Today is November 2019. Are humans at risk by machines? Did bio-engineered androids go wrong? Have real-world robotic sex dolls conquered the market?
True, Blade Runner was NOT predicting the future. Blade Runner just happened to be set in 2019, a year suitably distant from 1982 when it was released to qualify as ‘the future’. When Philip K. Dick wrote Do Androids Dream of Electric Sheep, the book that Blade Runner is based on, he wasn’t predicting off-world mining and replicants, he was writing about what he saw as the dehumanising effects of technology. And the movie, directed by Ridley Scott, released 37 years ago, explores this theme further and questions of what ‘humanity’ is and what being human means, a theme as relevant then as it is now and will be in the future.
Nevertheless we take a look at the things it did predict:
- For starters, video-calling is a big thing. The increased demand for video streaming and the continuous expansion in the number of internet users has the video market set to reach USD 24.09 Billion as an industry by 2026, according to recent reports. Even though video calling actually started as early as the 1920s with AT&T, Skype came to really shake the market in 2003, kicking off the video-calling industry as we know it.
- Deckard, Harrison Ford’s character, had a virtual assistant which allowed him entry, and that is also a thing today, as Amazon’s Alexa and Google’s Assistant can identify our voice patterns and help us with anything from putting music, to moving curtains, alter lighting, and open doors.
- Lie detectors also happened.

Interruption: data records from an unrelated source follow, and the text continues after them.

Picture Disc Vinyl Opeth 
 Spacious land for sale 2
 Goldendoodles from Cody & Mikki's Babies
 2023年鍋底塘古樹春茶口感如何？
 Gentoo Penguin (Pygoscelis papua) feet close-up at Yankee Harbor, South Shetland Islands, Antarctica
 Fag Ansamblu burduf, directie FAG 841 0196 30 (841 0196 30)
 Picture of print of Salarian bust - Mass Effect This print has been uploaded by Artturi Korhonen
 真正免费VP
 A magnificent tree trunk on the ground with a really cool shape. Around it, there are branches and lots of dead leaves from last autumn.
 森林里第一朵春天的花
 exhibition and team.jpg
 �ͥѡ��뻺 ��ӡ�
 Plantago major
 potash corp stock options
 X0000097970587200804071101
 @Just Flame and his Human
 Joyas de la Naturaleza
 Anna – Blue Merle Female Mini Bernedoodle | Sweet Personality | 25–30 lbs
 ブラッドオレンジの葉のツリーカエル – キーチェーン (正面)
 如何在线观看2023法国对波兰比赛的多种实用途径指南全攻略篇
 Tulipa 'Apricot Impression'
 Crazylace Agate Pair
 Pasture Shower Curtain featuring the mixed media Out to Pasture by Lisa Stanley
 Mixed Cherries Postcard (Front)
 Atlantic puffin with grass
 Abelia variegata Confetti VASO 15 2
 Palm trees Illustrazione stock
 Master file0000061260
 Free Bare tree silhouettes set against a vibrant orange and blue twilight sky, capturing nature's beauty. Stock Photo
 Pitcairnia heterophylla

In the movie, it was used by blade runners to separate humans from robots. And even though their reliability has been disputed, they are yet another thing to come true.
- Robots and flying cars are not a real thing… yet, but sex doll brothels exists in Europe and drones have peaked in recent years as a competitive market.
- AI (Artificial Intelligence) is getting much smarter, and it’s been dominated by the likes of the United States and China when it comes to investment, talent, research and companies in the sector.